Let’s go over a few things freeciv!

Setting up the foundation right is the key to great development

I used to write on Medium before this, these are ports.

As I talked in my previous post, I have a keen interest in setting up a freeciv learning environment in python. But many people thought that the details were either far and wide or too many ideas were clustered into it. Over the next few posts I wanted to clarify any issues and lay the groundwork for the project.

Setting up an Open Source Project is more than easy these days, all you have to do is sign up a Github account and boom, you are ready! But the hard part is running and maintaining the codebase, and even harder is making people care enough to contribute anything to your project and I want to focus on the latter here. Through these posts I want to clarify my ideas and discuss the issues raised. This time around I want to go over these three points:

  • Action Spaces: Why discrete action space of freeciv is important
  • Game Structure: How the vastness of game is similar to real world
  • Multiplayer Collaborative Idea: How freeciv support different kinds of interaction and what is so special about it

    And in each of those points I will also put sub-points to make understanding easier.

    I am not asking the very hard questions here, like why care about anything. But why care about this project?

    1. Action Spaces

    Every action in our universe can be broken down into two types, a continuous action space and a discrete action space.
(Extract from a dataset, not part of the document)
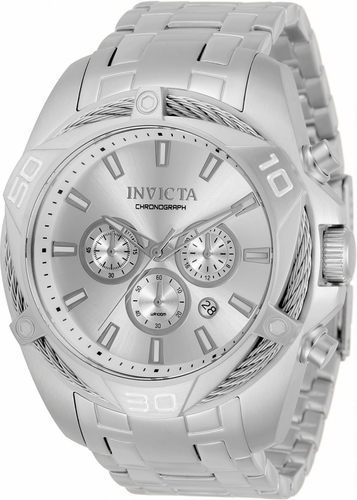 Invicta 34117 Bolt Mens Chronograph Quartz Watch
In layman terms discrete spaces are where hard decision need to be taken and continuous spaces a distribution is to be generated.

  • Most of the applications in real life domain that involve use of hardware (Robotics, Self Driving Cars, etc.) require a distribution of values to be generated. Movement vectors used to operate them is a set of force values and directions. This domain is still in its early stages, but the applications nonetheless will be far felt. It will continue to improve over time, though at a slower rate and the reason for that is the simulators are just not good enough (ironically agent trained on robot simulator rarely gives same results in real life robot). And our algorithms just aren’t good at sample efficiency and training on real life robots would mean extreme long training durations making it unfeasible.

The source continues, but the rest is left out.